Spółka argumentowała, że prośba jest spowodowana przede wszystkim wzrostem cen energii oraz drastycznym spadkiem cen surowców wtórnych, nawet o 50 proc. Ponadto opłaty nie były podnoszone od czterech lat i są jednymi z najniższych w kraju. Średnia to około 300 złotych za tonę. Podwyżka pozwoli na utrzymanie płynności finansowej spółki i rozpoczęcie spłaty zadłużenia wobec Narodowego funduszu Ochrony Środowiska – przekonywał prezes firmy.
Władze Kielc po analizach zdecydowały o podwyżce, ale w mniejszej skali. Barbara Nowak, skarbnik miasta poinformowała, że wzrost opłat jest uzasadniony. Nie będzie on jednak skutkował podwyżką opłat za śmieci dla mieszkańców Kielc.

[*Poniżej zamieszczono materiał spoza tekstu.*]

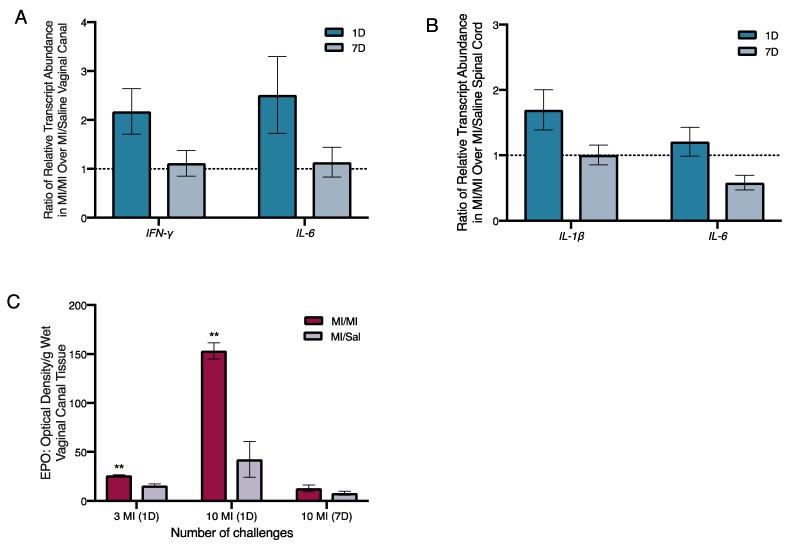 Inflammatory changes in the vaginal canal and spinal cord, and increased eosinophil activity after 10 intra-vaginal MI challenges in previously sensitized ND4 female mice. Relative transcript abundance of interferon-γ (IFN-γ) and interleukin (IL)-6 transcripts in the vaginal canal tissue (A) and IL-1β and IL-6 in spinal cord tissue (B) of MI challenged mice one and seven days after 10 challenges, normalized to β2-microglobulin mRNA levels; 5–6 mice/treatment group. Black dotted line denotes no change in the relative abundance of transcripts. (C) Tissue eosinophil peroxidase levels measured by optical density (OD)/g of wet tissue, in the vaginal canal of mice one day after the 3rd and 10th MI challenge; 3–5 mice/treatment group. Significance with respect to vehicle control group ** p < 0.01. EPO, eosinophil peroxidase.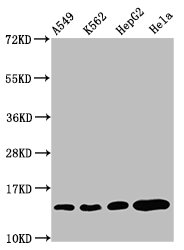 HIST1H2BN Antibody - Western Blot Positive WB detected in: A549 whole cell lysate, K562 whole cell lysate, HepG2 whole cell lysate, Hela whole cell lysate(all treated with 30mM sodium butyrate for 4h) All Lanes: HIST1H2BC antibody at 2.1µg/ml Secondary Goat polyclonal to rabbit IgG at 1/50000 dilution Predicted band size: 14 KDa Observed band size: 14 KDa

Ewelina Nartowska z wydziału usług komunalnych i zarządzania środowiskiem dodała, że wpływ na wzrost cen za odbiór odpadów będzie też miało rozporządzenie Prezesa Rady Ministrów dotyczące opłat za korzystanie ze środowiska. Wczoraj taki dokument trafił na biurko premier Beaty Szydło. Zgodnie z jego zapisami za pozostałości z sortowania odpadów, które nie są poddane recyklingowi i są składowane, cena wzrośnie z około 75 złotych za tonę aż do 270 złotych do roku 2020.
Obecnie miesięcznie za wywóz śmieci do Promnika miasto płaci 1 milion 200 tysięcy złotych. Po podwyżce, w tym roku będzie to 1,3 miliona złotych. W kolejnych latach będzie to kwota około 1,6 miliona złotych rocznie. Ostateczną decyzje dotyczącą ewentualnej podwyżki podejmą radni podczas jednej z najbliższych sesji.
Podwyżka nie dotyczy mieszkańców gminy Piekoszów. Jak poinformował wójt Zbigniew Piątek, do jesieni przyszłego roku obowiązuje umowa podpisana z firmą odbierającą odpady. Odbiorca miał wkalkulowane w koszty opłaty związane z dostarczeniem śmieci do Promnika.
W podobnym tonie wypowiada się również Tomasz Lato, wójt gminy Masłów. Dodaje, że o podwyżce mówiło się od dłuższego czasu, dlatego firma odbierająca odpady powinna to uwzględnić w swoich szacunkach.